PROBLEM REQUIREMENTS:
Only one stretch of the data should be retyped: the lines from the line containing "Total Graph of Thedark Army" through the line containing "Temple Fire 5)". Keep pictures out of it.

DATA RECORDS:
--- START ---
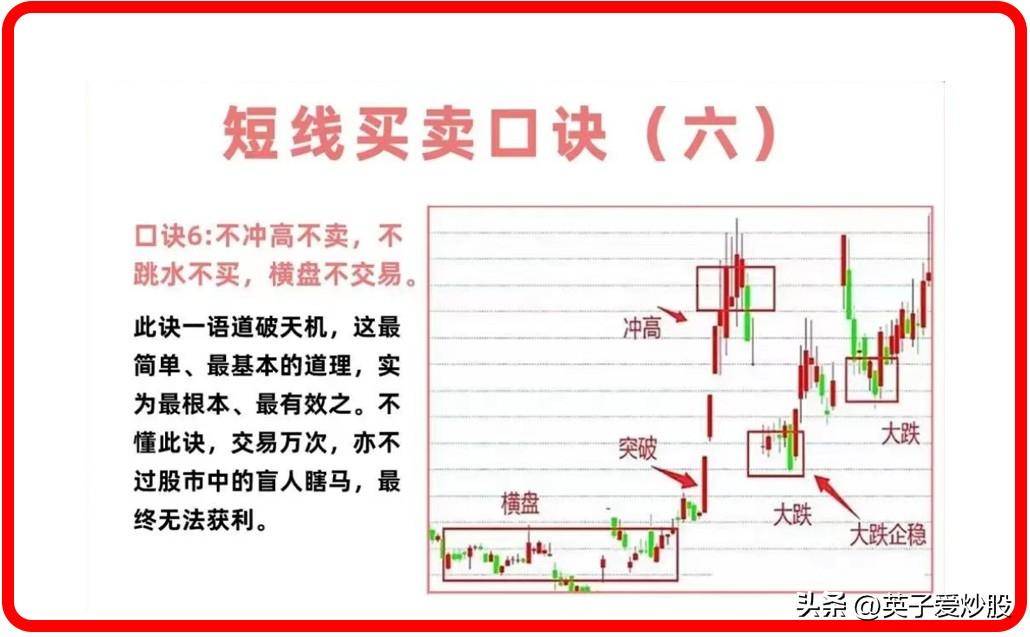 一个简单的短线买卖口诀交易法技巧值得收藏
--- END ---
--- START ---
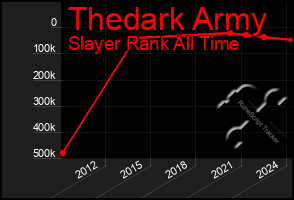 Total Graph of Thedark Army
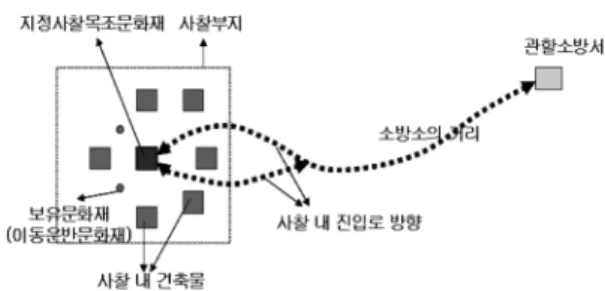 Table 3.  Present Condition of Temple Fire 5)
--- END ---
--- START ---
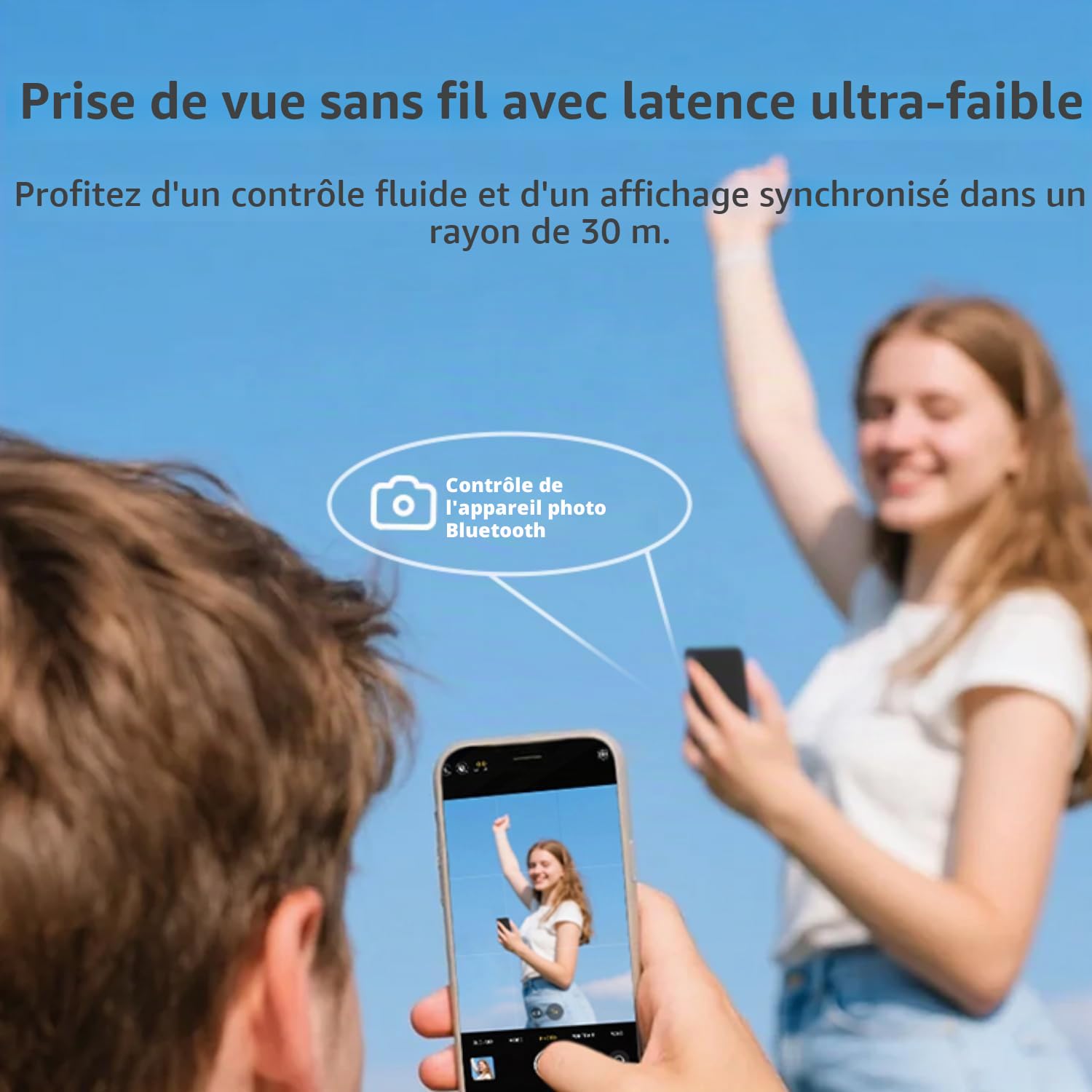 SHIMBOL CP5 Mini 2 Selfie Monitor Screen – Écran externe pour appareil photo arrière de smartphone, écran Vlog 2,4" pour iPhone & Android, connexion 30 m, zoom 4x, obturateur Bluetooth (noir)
--- END ---
WRITTEN SOLUTION:
 Total Graph of Thedark Army
 Table 3.  Present Condition of Temple Fire 5)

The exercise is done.